Paul Gerrard

Personal information
- Full name: Paul William Gerrard
- Date of birth: 22 January 1973 (age 53)
- Place of birth: Heywood, Lancashire, England
- Height: 6 ft 1 in (1.85 m)
- Position: Goalkeeper

Senior career*
- Years: Team / Apps / (Gls)
- 1991–1996: Oldham Athletic / 119 / (0)
- 1996–2004: Everton / 90 / (0)
- 1998–1999: → Oxford United (loan) / 16 / (0)
- 2002: → Ipswich Town (loan) / 5 / (0)
- 2003: → Sheffield United (loan) / 16 / (0)
- 2004: → Nottingham Forest (loan) / 8 / (0)
- 2004–2006: Nottingham Forest / 64 / (0)
- 2006–2008: Sheffield United / 2 / (0)
- 2008: → Blackpool (loan) / 0 / (0)
- 2009–2010: Stockport County / 0 / (0)
- 2010–2013: Oldham Athletic / 1 / (0)
- Total:  / 321 / (0)

International career
- 1993–1996: England U21 / 18 / (0)

= Paul Gerrard =

English footballer (born 1973)

Paul William Gerrard (born 22 January 1973) is an English football goalkeeping coach and former player.

Gerrard started his career in the Premier League with Oldham Athletic as a goalkeeper, and his 22-year playing career saw him play for Oldham, Everton, Oxford United, Ipswich Town, Sheffield United, Nottingham Forest, Blackpool and Stockport County, before he finished his playing career in a second spell at Oldham.

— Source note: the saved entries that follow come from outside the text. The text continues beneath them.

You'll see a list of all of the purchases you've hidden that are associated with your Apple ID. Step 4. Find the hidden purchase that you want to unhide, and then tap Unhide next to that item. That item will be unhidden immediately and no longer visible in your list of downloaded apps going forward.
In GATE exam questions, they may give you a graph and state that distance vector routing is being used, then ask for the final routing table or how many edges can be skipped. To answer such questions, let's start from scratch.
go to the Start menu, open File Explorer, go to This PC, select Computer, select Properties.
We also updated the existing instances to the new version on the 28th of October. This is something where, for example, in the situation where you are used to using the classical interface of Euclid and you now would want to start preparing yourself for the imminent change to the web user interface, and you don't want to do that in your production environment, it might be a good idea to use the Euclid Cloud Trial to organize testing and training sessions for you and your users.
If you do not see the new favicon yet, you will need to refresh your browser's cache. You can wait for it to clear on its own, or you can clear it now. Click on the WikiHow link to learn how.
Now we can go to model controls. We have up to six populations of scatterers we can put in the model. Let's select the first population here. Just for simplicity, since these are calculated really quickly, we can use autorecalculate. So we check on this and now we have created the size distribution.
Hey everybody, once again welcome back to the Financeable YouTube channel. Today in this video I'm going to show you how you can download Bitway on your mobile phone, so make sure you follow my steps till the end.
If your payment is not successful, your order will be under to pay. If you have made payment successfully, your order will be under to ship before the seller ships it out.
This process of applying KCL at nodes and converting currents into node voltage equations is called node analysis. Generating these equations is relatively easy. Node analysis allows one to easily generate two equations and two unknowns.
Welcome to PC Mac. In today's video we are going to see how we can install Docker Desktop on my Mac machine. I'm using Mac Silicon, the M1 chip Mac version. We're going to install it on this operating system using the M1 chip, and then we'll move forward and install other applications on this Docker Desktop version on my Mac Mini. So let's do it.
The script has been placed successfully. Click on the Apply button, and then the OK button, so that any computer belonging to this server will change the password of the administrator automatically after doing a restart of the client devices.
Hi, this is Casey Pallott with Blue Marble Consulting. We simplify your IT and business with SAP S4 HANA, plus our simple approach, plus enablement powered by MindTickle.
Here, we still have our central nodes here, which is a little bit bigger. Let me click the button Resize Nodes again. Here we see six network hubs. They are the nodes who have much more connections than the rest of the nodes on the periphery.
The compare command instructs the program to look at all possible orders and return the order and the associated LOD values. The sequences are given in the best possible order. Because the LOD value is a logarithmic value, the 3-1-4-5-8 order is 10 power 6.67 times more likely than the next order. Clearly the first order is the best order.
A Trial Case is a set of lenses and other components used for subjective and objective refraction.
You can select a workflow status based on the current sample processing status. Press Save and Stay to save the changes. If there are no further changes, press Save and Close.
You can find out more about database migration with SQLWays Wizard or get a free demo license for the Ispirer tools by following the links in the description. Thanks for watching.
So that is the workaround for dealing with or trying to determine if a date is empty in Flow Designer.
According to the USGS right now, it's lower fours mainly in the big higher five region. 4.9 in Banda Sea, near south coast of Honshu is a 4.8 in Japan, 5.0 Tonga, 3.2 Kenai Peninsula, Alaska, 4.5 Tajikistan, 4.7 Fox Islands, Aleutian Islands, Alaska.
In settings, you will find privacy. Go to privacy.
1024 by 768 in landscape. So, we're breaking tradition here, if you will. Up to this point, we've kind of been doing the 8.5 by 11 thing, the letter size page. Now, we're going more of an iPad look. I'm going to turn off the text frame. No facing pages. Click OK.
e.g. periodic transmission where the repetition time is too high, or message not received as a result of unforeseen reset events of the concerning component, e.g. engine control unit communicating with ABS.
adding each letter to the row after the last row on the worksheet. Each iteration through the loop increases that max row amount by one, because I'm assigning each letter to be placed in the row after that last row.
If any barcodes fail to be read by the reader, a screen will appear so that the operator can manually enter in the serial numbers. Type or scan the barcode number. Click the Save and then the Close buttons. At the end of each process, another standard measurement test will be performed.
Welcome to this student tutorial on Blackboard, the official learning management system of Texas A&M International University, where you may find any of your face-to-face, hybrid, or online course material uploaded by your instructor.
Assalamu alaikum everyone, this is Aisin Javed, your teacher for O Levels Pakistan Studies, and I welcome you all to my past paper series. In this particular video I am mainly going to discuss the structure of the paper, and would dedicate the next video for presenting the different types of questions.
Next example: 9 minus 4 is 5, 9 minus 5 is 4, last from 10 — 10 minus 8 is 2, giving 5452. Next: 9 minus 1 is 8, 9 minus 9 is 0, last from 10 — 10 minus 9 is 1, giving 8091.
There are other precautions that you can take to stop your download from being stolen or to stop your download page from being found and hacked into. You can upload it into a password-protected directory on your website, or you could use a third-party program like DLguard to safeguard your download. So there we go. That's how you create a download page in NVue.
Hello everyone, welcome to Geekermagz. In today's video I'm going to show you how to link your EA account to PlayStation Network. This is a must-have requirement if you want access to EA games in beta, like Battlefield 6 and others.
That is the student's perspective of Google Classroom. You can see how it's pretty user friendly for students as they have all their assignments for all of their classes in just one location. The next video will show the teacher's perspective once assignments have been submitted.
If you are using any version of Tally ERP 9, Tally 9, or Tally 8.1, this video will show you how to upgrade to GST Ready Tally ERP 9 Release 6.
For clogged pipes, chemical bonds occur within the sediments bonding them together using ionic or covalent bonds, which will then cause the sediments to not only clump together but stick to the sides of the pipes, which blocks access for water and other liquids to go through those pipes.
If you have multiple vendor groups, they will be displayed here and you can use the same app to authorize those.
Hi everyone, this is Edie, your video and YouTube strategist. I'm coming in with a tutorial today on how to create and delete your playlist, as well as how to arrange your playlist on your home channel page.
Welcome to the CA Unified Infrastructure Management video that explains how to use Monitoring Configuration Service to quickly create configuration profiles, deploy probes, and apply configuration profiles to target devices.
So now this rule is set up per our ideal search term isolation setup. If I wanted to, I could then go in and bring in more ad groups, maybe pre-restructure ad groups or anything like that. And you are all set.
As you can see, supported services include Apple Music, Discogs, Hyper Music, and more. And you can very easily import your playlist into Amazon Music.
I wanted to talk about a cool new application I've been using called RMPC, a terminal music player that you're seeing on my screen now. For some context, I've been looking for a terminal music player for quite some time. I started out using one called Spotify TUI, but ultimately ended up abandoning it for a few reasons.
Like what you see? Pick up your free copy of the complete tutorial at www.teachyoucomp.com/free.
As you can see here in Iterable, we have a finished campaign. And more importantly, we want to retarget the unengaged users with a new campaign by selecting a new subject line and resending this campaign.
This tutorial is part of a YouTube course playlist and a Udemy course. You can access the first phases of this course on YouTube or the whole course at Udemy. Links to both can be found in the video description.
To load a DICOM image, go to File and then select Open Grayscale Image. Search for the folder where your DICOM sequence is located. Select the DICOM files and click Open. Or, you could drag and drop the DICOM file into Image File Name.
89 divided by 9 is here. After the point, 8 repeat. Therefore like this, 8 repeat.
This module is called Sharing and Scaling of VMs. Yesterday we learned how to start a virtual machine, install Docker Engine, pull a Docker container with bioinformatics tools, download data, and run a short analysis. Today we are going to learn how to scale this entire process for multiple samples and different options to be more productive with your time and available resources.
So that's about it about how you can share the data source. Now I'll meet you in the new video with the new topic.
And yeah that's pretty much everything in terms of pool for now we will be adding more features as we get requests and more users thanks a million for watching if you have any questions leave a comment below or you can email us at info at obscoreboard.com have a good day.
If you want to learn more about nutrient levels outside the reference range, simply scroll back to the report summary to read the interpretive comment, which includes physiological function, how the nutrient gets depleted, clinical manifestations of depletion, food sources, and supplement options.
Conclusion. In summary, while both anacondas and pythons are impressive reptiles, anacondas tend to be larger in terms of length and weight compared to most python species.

Towards the end of his playing career, he was employed as a part-time goalkeeping coach by Oldham and Shrewsbury Town, before signing on as a full-time player/coach with Oldham at the start of the 2011–12 season. Gerrard is also a former England under-21 international, having made 18 appearances between 1993 and 1996, but he never made an appearance for the full national side.

Following retirement he worked as the goalkeeping coach at both Oldham Athletic and Doncaster Rovers.

==Club career==
===Oldham Athletic===
Born in Heywood, Lancashire, Gerrard started his career as a goalkeeping apprentice at Oldham Athletic. He made his Premiership debut at the age of 19 on 5 December 1992 in a 3–2 defeat at Queens Park Rangers. In all, he made 118 League appearances for The Latics in his first spell.

===Everton===
Nearly two years after Joe Royle had left Oldham for Everton, he returned to buy Gerrard for £1.5 million in July 1996. He made his debut for Everton as a half-time substitute for Neville Southall in a 7–1 win at home to Southampton on 16 November 1996.

When Royle left Everton, Southall returned as first choice goalkeeper for Everton, and Gerrard decided to go on loan to Oxford United in 1997 for regular first team action. However, soon afterwards Howard Kendall took over for his second spell as team manager at Goodison Park and recalled Gerrard from Oxford.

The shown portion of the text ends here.